Twitter to open source streaming data analyzer
- — 06 August, 2011 03:07
Expanding the field of complex event process software with another offering, Twitter will release as open source its software for analyzing live large-scale data streams, called Storm.
Twitter acquired the software when it purchased BackType in July. BackType offered a service that analyzed the impact of an organization's Twitter feed, summarizing how often Twitter messages were repeated by others.
Although the software has been compared to Hadoop, Storm is best suited for analyzing live data streams, such as millions of Twitter feeds.

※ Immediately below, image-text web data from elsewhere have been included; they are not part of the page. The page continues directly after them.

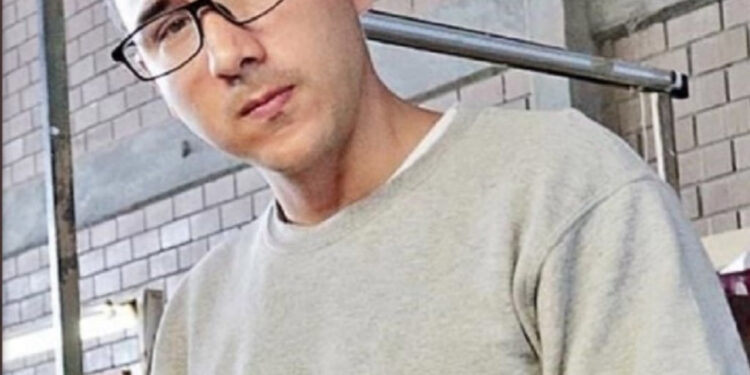 SE GRADÚA DIEGO SANTOY COMO ABOGADO DENTRO DEL PENAL DE CADEREYTA 1 SE GRADÚA DIEGO SANTOY COMO ABOGADO DENTRO DEL PENAL DE CADEREYTA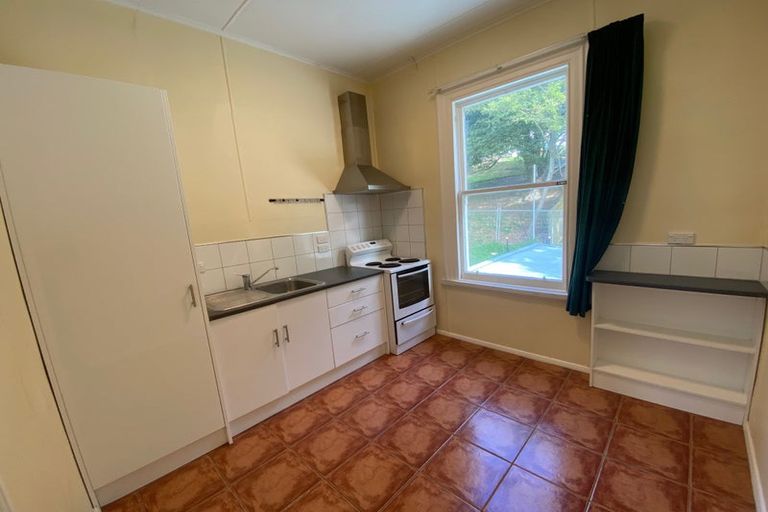 Photo of property in 26 Russell Terrace, Newtown, Wellington, 6021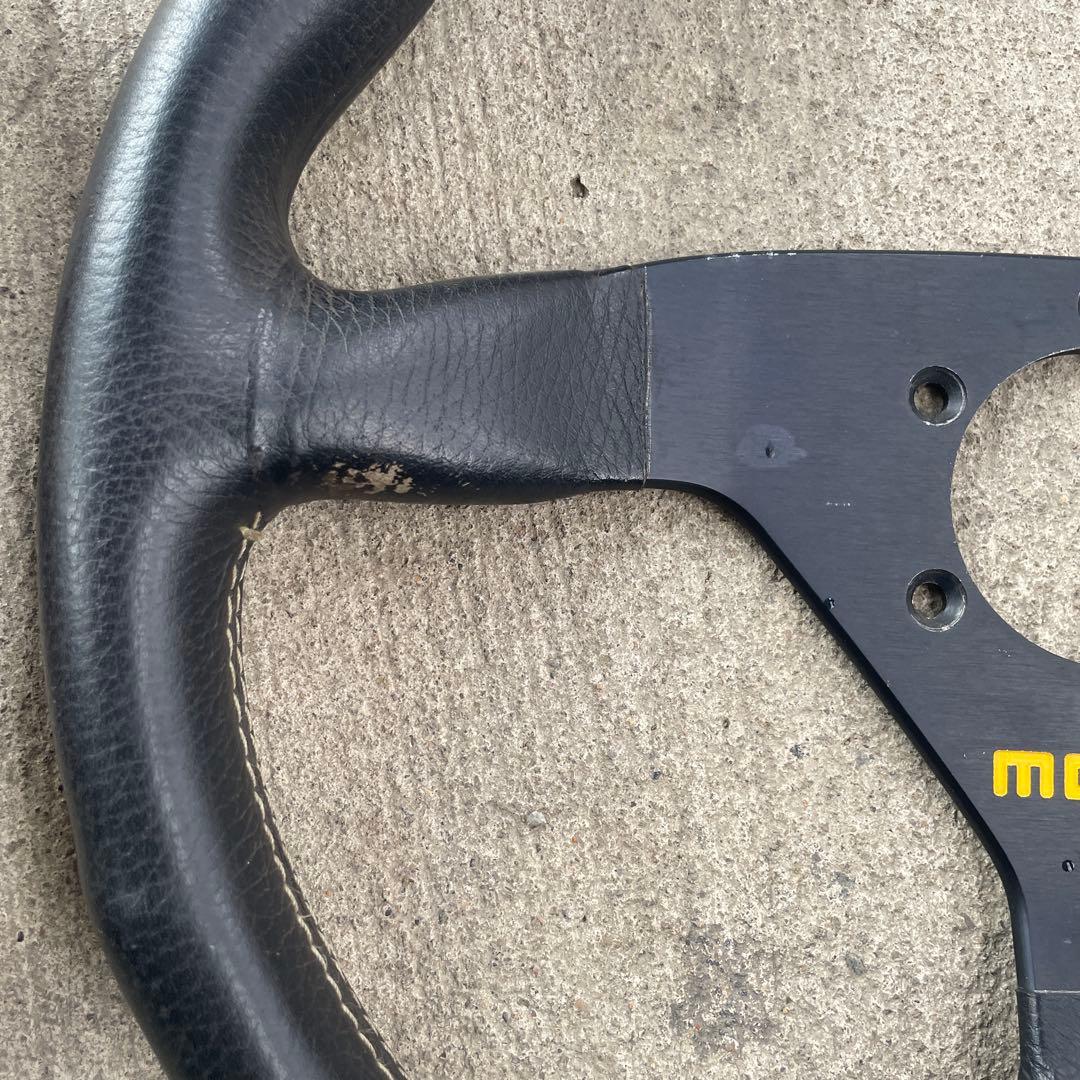 ウッドステアリングホイール momo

This approach could provide a speedier and more practical alternative to the traditional approach of real time analysis, which can involve storing the data first in a database, data store or data warehouse. Its use is not limited to Twitter, however. Storm could be used to study other forms of unstructured, frequently updated data.
"The beauty of Storm is that it's able to solve such a wide variety of use cases with just a simple set of primitives," said Nathan Marz, in a blog posting announcing the pending release.
The user creates a query, or search term, that will continue to run against an ever-updating stream of data until the query is terminated. Because Storm can be distributed across multiple servers, it is capable of analyzing large amounts of data.
This sort of analysis is sometimes called complex event processing (CEP). Oracle, StreamBase, SAP and other companies also offer CEP software. Unlike most of these products, however, Storm does not have a built-in storage layer, relying instead of external data stores, Marz pointed out.
Twitter will launch the software next month at the Strange Loop conference in St. Louis.